Perhaps the stock ticker should have given the game away. TRE, better known as Sino-Forest, a Canadian-listed Chinese lumber company, is one “E” short of a full “TREE”. Muddy Waters, the research firm whose “strong sell” note precipitated a collapse of Sino-Forest’s shares, alleges it falls considerably shorter than that. It has accused the company of “stratospheric fraud”, saying that it overstated its forestry holdings in Yunnan province by $900m and sent revenues through a maze of intermediaries designed to fool auditors.Sino-Forest, which listed on the Toronto stock exchange in 1994 through a reverse takeover, denies these claims. Executives launched an internal inquiry, still lumbering on – every pun intended – in which it sought to prove that its accounts provided a fair reflection of its forestry assets and earnings.
While Sino-Forest was busy counting trees, the Ontario Securities Commission acted. Last Friday, it halted trading of the shares, saying the company appeared to have exaggerated its timber holdings and to have engaged in acts that “perpetuate a fraud”. On Sunday, Sino-Forest said Allen Chan, its chairman and chief executive, had quit. Three other executives have been placed on administrative leave.
The fraud, if that’s what it turns out to be, fooled some of the world’s most savvy investors. John Paulson, the man who made $20bn by twigging that mortgage-backed securities were not, after all, as safe as houses, sold out Paulson & Co’s entire stake in Sino-Forest, losing $500m. In the past eight months, more than two dozen listed Chinese companies have shown accounting discrepancies or seen their auditors resign. Most of those companies are small and, like Sino-Forest, slipped onto foreign exchanges via a reverse takeover, which allowed them to bypass the scrutiny associated with an initial public offering.
Not all of the companies that have come under scrutiny got listings through the back door. This week, Longtop Financial, a China-based software provider that raised $210m through a New York IPO, said it may face civil action from the US Securities and Exchange Commission for failing to provide current financial statements.
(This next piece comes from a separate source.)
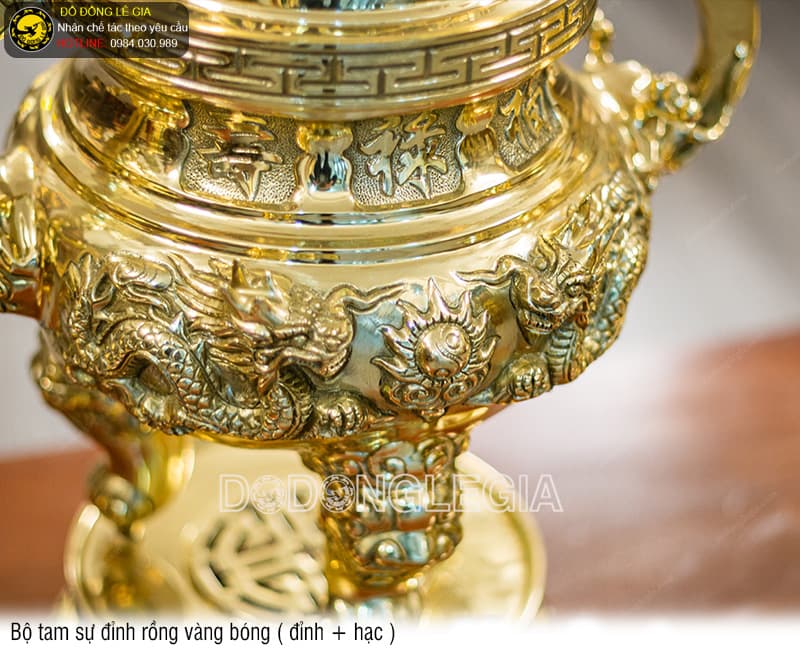 Bộ Tam Sự Đỉnh Rồng vàng bóng (Đỉnh và Hạc)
In May, Deloitte Touche Tohmatsu, Longtop’s auditor, resigned after it alleged that some information in the company’s accounts had been falsified.
Even in the most rigorous of environments, it is hard to verify the true worth of a company’s assets. In 2004, Royal Dutch Shell admitted to overstating its oil and gas reserves by 20 per cent. But China clearly is not yet the most rigorous of environments. For investors, especially ones trying to work out the worth of small companies whose activities take place several thousand miles away, China is more like the Wild West.
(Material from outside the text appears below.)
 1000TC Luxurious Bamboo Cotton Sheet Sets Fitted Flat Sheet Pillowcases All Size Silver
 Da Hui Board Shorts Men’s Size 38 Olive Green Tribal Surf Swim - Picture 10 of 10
Muddy Waters says that even the Big Four auditors with offices in the mainland “have a number of issues detecting fraud”. Investors in Sino-Forest were placing their trust, among other things, in accounts being audited in Canada by Ernst & Young. The forests of Yunnan are an awful long way from Ontario. Grey rules on land ownership, as China makes the transition from a collectivised to a vigorously capitalistic economy, make such judgments harder still.
Even investors as experienced as Anthony Bolton, the star stock picker at Fidelity International who moved to Hong Kong in 2009 to take a better look at Chinese growth stocks, admitted to under-estimating the importance of due diligence in China. Mr Bolton’s China fund suffered losses in two small US-listed Chinese companies accused of fraud.
Apple, the US technology company, is the latest to stand accused of failing to conduct adequate due diligence – in its case in the selection of suppliers. A report released on Wednesday by Chinese non-governmental organisations alleged that several of Apple’s suppliers had a public record of environmental violations.
It should come as little surprise that it is easy to lose one’s shirt in China. Bookshops are full of volumes with titles such as Tim Clissold’s Mr China and Paul Midler’s Poorly Made in China that bear witness to the countless scams and frauds to which investors are vulnerable. The country is, after all, still in a stage of ultra-raw capitalism when fortunes are to be made by the brave, the crafty and the unscrupulous.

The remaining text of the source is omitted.